Scraping leaderboard table on golf website in R

Asked 5/2, 2021 at 1:35 Answered 16/2, 2021 at 1:28

The PGA tour's website has a leaderboard page page and I am trying to scrape the main table on the website for a project.

library(dplyr)
leaderboard_table <- xml2::read_html('https://www.pgatour.com/leaderboard.html') %>% 
  html_nodes('table') %>% 
  html_table()

however instead of pulling the tables, it returns this odd output...

Other pages such as the schedule page scrape fine without any issues, see below. It is only the leaderboard page I am having trouble with.
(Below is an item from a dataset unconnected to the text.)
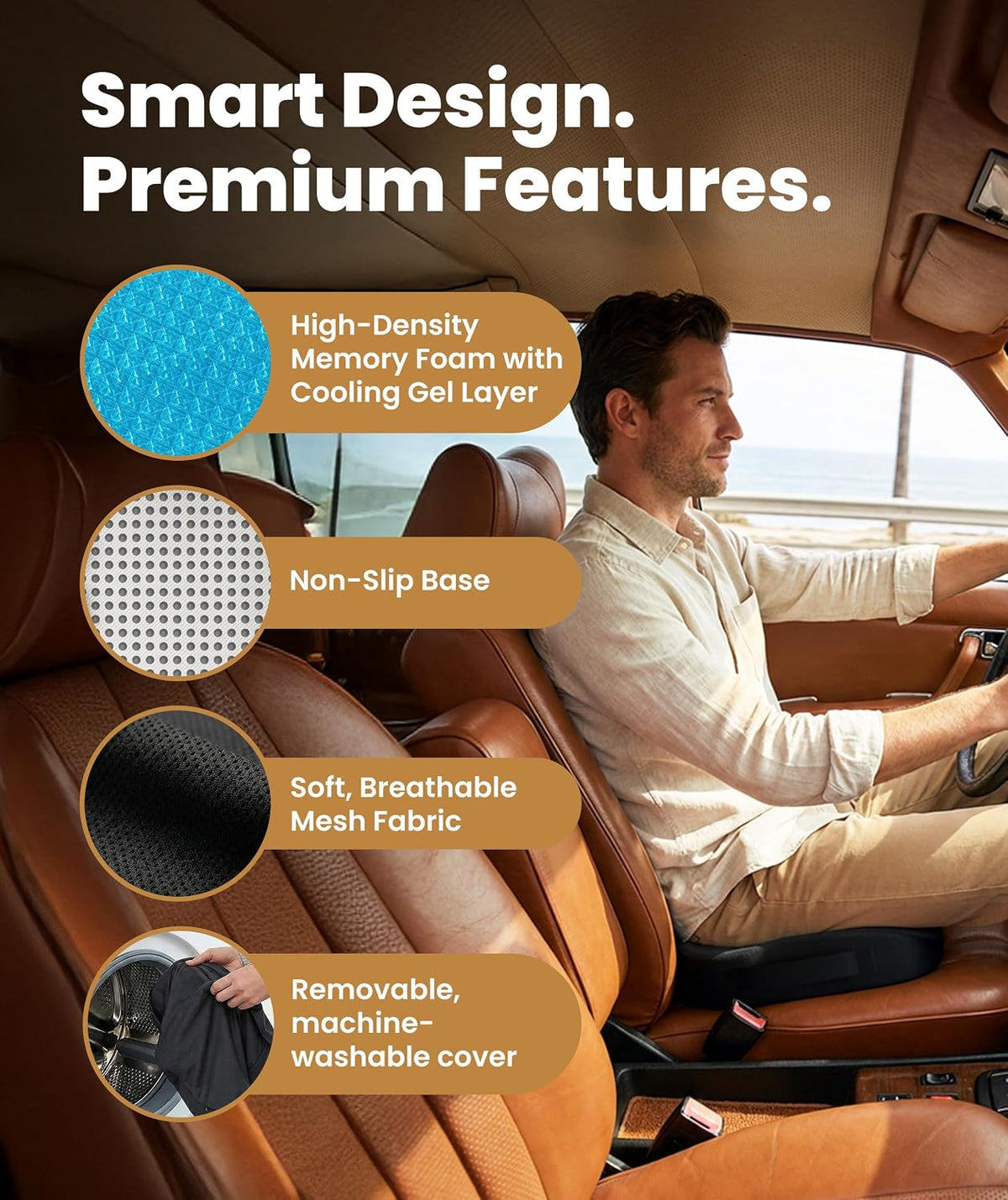 Everlasting Comfort Car Seat Cushions - Memory Foam Soft Car Cushions for Long Car Trips - Car Seat Cushions for Driving - Ergonomic Car Seats - Car Seats & Truck Seats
schedule_url <- 'https://www.pgatour.com/tournaments/schedule.html'
schedule_table <- xml2::read_html(schedule_url) %>% html_nodes('table.table-styled') %>% html_table()
schedule_df <- schedule_table[[1]]
# this works fine

Edit Before Bounty: the below answer is a helpful start, however there is a problem. The JSON files name changes based on the round (/r/003 for 3rd round) and probably based on other aspects of the golf tournament as well. Currently there is this that i see in the elements tab:

...however, using the leaderboard url link to the .json file https://lbdata.pgatour.com/2021/r/005/leaderboard.json is not helping... instead, I receive this error when using jsonlite::fromJson

Two questions then:

Is is possible to read this .JSON file into R? (perhaps it is protected in some way)? Maybe just an issue on my end, or am I missing something else in R here?
Given that the URL changes, how can I dynamically grab the URL value in R? It would be great if I could grab all of the global.leaderboardConfig object somehow, because that would give me access to the leaderboardUrl.

Thanks!!

Flashover answered 5/2, 2021 at 1:35 Comment(0)
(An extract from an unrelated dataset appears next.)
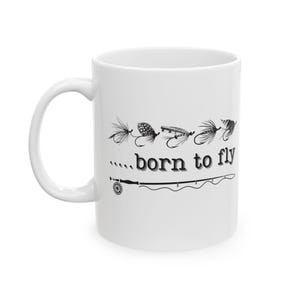 Coffee Mug, Born To Fly, Fishing Coffee Mug, Fishing Coffee Cup, Fly Fishing, Fly Fishing Gift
As already mentioned, this page is dynamically generated by some javascript.
Even the json file address seems to be dynamic, and the address you're trying to open isn't valid anymore :

https://lbdata.pgatour.com/2021/r/003/leaderboard.json?userTrackingId=exp=1612495792~acl=*~hmac=722f704283f795e8121198427386ee075ce41e93d90f8979fd772b223ea11ab9

An error occurred while processing your request.

Reference #199.cf05d517.1613439313.4ed8cf21

To get the data, you could use RSelenium after installing a Docker Selenium server.
The installation is straight forward, and Docker is designed to make images work out of the box.

After Docker installation, running the Selenium server is as simple as:

docker run -d -p 4445:4444 selenium/standalone-firefox:2.53.0

Note that this as a whole requires over 2 Gb disk space.

Selenium emulates a Web browser and allows among others to get the final HTML content of the page, after rendering of the javascript:

library(RSelenium)
library(rvest)

remDr <- remoteDriver(
  remoteServerAddr = "localhost",
  port = 4445L,
  browserName = "firefox"
)
# Open connexion to Selenium server
remDr$open()
remDr$getStatus()

remDr$navigate("https://www.pgatour.com/leaderboard.html")

players <- xml2::read_html(remDr$getPageSource()[[1]]) %>% 
                 html_nodes(".player-name-col")   %>% 
                 html_text()

total <- xml2::read_html(remDr$getPageSource()[[1]]) %>% 
               html_nodes(".total") %>%
               html_text()

data.frame(players = players, total = total[-1])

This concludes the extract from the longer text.